Quote:
Originally Posted by unilogic Its pretty easy to train dspam with a the corpus files from spamassassin.
Download http://dspam.nuclearelephant.com/sou...trainer.tar.gz
Edit publiccorpus.pl as follows on line 50: Code: $cmd = "/opt/dspam/bin/dspam --user $user --class=$class --source=corpus --mode=teft --feature=chained,noise --stdout < $corpus Goto http://spamassassin.apache.org/publiccorpus/ and download all the spam and ham files except 20030228_easy_ham_2.tar.bz2 to keep the number of ham and spam files even. Extract these files in the same directory as publiccorpus.pl.
Run: perl publiccorpus.pl zimbra
After it finishes, it will take a good half an hour depending on your cpu power as you're entering thousands of emails into its database,
Run: dspam_clean -p0 zimbra
It will clean up any uneeded or neutral entries in dspam's database. This will also take a good deal of time.
-Ben |
I'd like to try this, but I'm wondering if it will work with 4.5.1, I'm also worried about this message in the readme:
Quote:
------------------------------------------------------------------------
***** IMPORTANT: Do Not Use These Mails For Testing a Live System ******
Please note: do NOT send these emails into a live email system.
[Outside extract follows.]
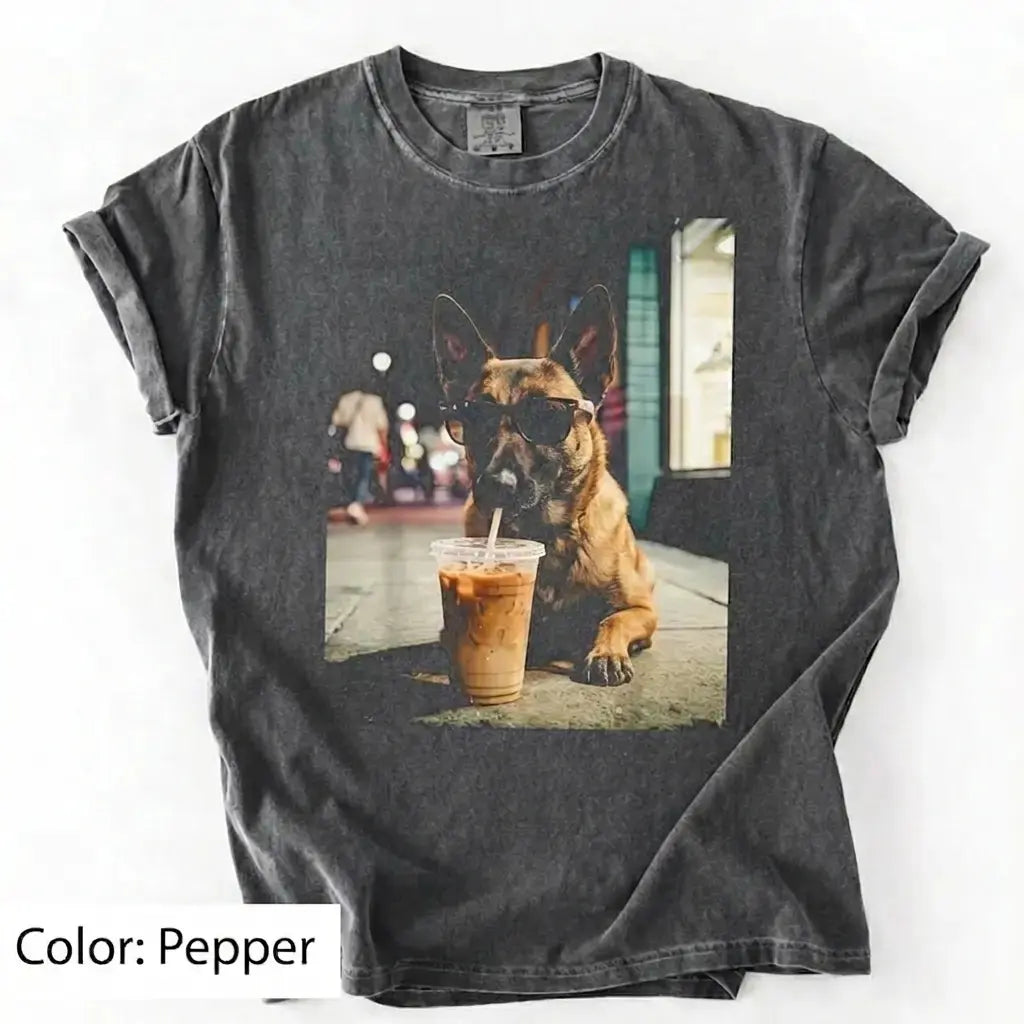 Dog Drinking Iced Coffee Meme Gift for Dog Lovers T-Shirt/Sweatshirt/Hoodie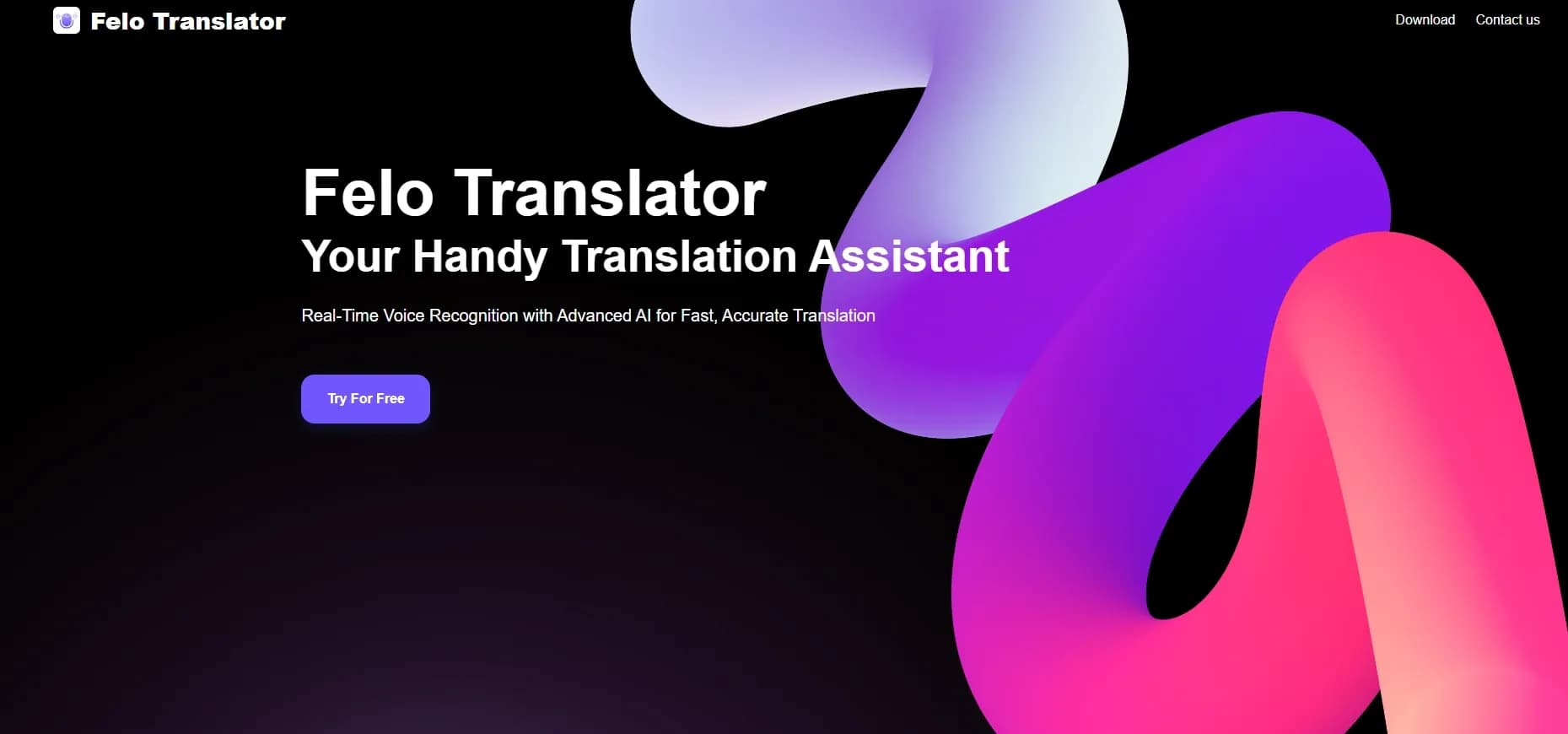 Felo Translator homepage screenshot — Real-time AI translation for global communication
I've
received several complaints from my correspondents that they've received
bounce messages in response to mails in this corpus, due to misconfigured
*LIVE* email systems being tested against this public corpus!
I'm offering this as a service to spam filter developers, and causing
trouble for my acquaintances and various mailing list administrators
does NOT incline me to continue offering this data publically.
------------------------------------------------------------------------
|
Anyone try this on 4.5.1 or higher?